“Killer Camp” EP Steph Harris & Host Bobby Mair Preview The CW’s New Competition Reality Series With a Deadly Twist

This week, The CW will debut the horror whodunnit competition series Killer Camp, one of four alternative acquisitions added to its summer lineup. The premise: a group of campers make their way to Camp Pleasant for what they hope will be a fun-filled summer. What they don’t know, however, is that the game they’re playing has deadly consequences.

PopWire had the opportunity to speak with Steph Harris and Bobby Mair Killer Camp‘s Executive Producer and host, respectively, about the show and why everyone involved was so excited.

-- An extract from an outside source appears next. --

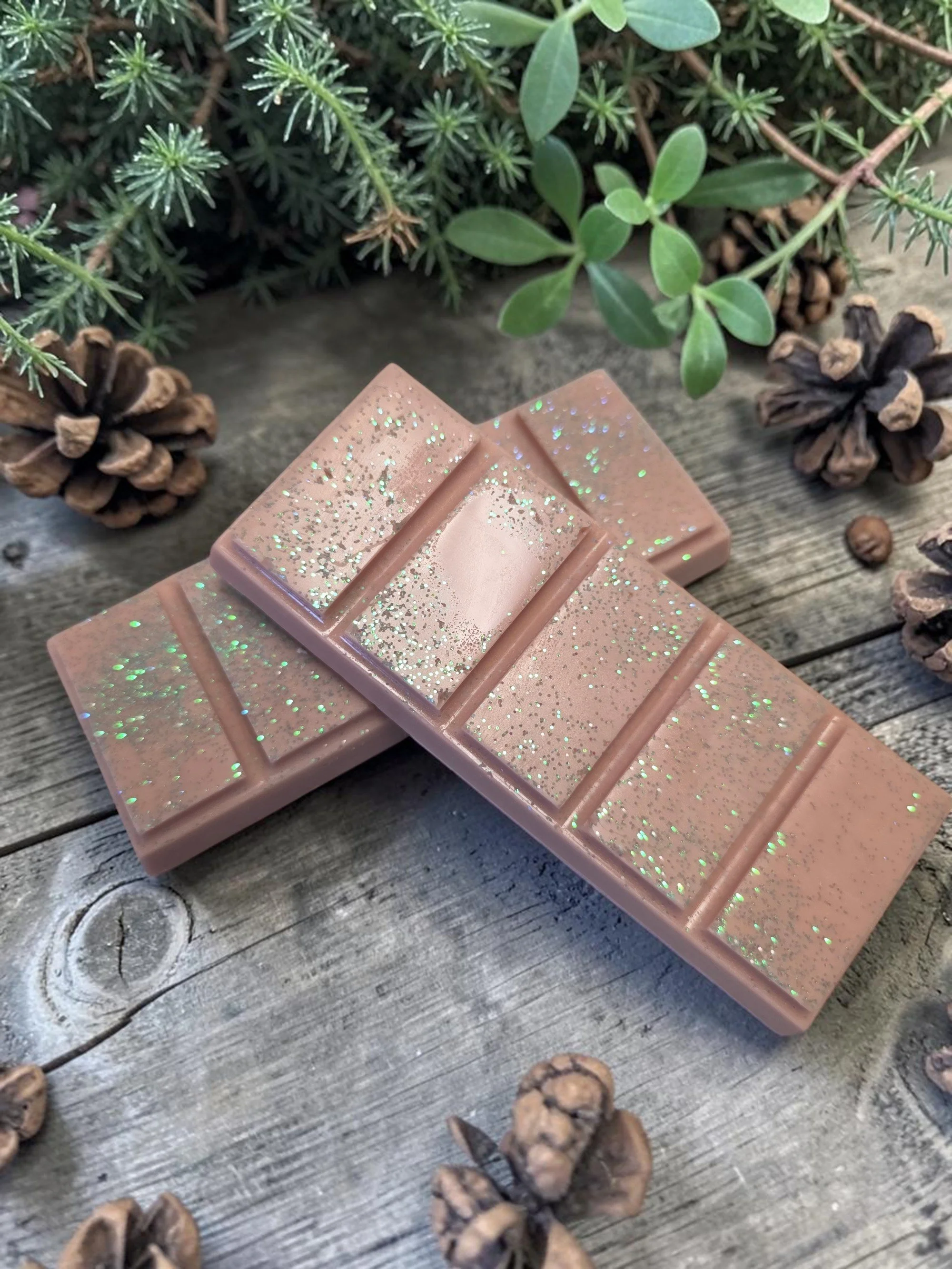 Baby Daddy hand-poured wax melt with pine, earth, and coconut cream scent notes.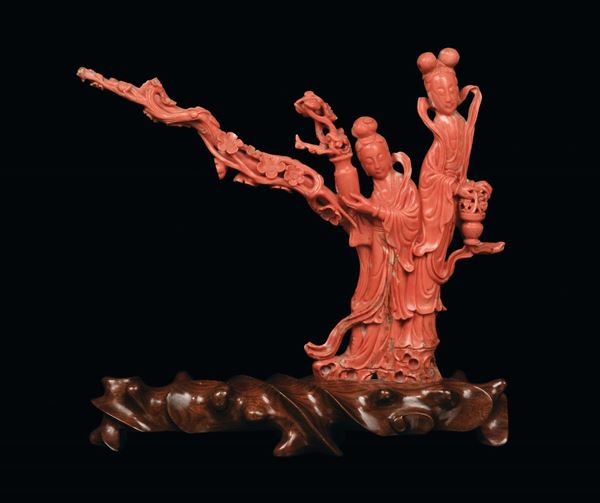 A red coral with two Guanyin figures with vases, China, Qing Dynasty, end 19th century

As camp counselor and host of the 5-part limited series, Mair tells us his excitement was due to the love of the horror genre. At the early age of just 5-years-old, Bobby found a VHS tape, popped it in, and watched it. It was one of the first films he’s ever watched. That film: “Friday the 13th.”

“It was the most scared I’ve ever been, but nobody stopped me from watching it,” he says. “I’ve always loved horror movies.” Mair points out that Camp‘s murderer, who carries out the killer’s actions in the show, almost looks like “Friday’s” machete-wielding serial killer. “So it was really cool to kind of feel like I was in a horror movie and getting to orchestrate a daily murder. It was amazing.”

The show at its core is almost similar to Survivor, and as a massive fan of the series, that added another element that was fun for Mair to play with. “I loved Survivor growing up,” he says. “I’ve watched it for probably ten years. During the lockdown, I went back started watching Survivor again.

Killer Camp is like Survivor except you get to just get to kill the people that are annoying,” Mair says with a laugh. “That’s what’s amazing about it — the release, the visceral release that you get. That’s really fun.”

Finding campers to eventually “kill off” was not an easy feat. Creator and Executive Producer Steph Harris explains that not only were they looking for people who fit the role and/or had the look of the different types of people you’d expect to see in a horror movie (jock, cheerleader, nerd, etc.), everyone who made it onto the show had to pass a psych test to make sure they were robust enough to take the part.

“The casting team did an incredible job at getting a brilliant cast and then due-diligence to be carried out so that they won’t freak out [when scary stuff happens] and that they were actually going to stay and play, which actually they all did. They were all game on.” When cameras began rolling in Lithuania, the contestants “knew there was going to be a twist, but they had no idea what was going to play out.”

Originally aired in the UK, Killer Camp hit television screens as a week-long Halloween special event. Making its way across the pond as an acquisition for The CW, the series will span five weeks, and while the blood and gore will remain intact, thankfully, there have been some slight “sanitizing” made for the American audience.

“The important factor is that in the UK, it was [televised] after 9pm, whereas on The CW, it’s 8pm,” Harris says. “It was really just obviously the language that sometimes we use. There are certain words obviously, that we would need to bleep. We have girls in bikinis and we had to tone some of that down just for the [early time-slot] audience. It’s not in any way edited; it’s more of beeping and blurring.”

Aside from the twists and turns to come this season, host Bobby Mair shares what he can’t wait for viewers to see. “I’m most excited for the audience to see, I would say, who the killer is. Without giving anything away, I just really look forward to people’s reactions to that.” 

Killer Camp premieres Thursday, July 16 at 8pm on The CW.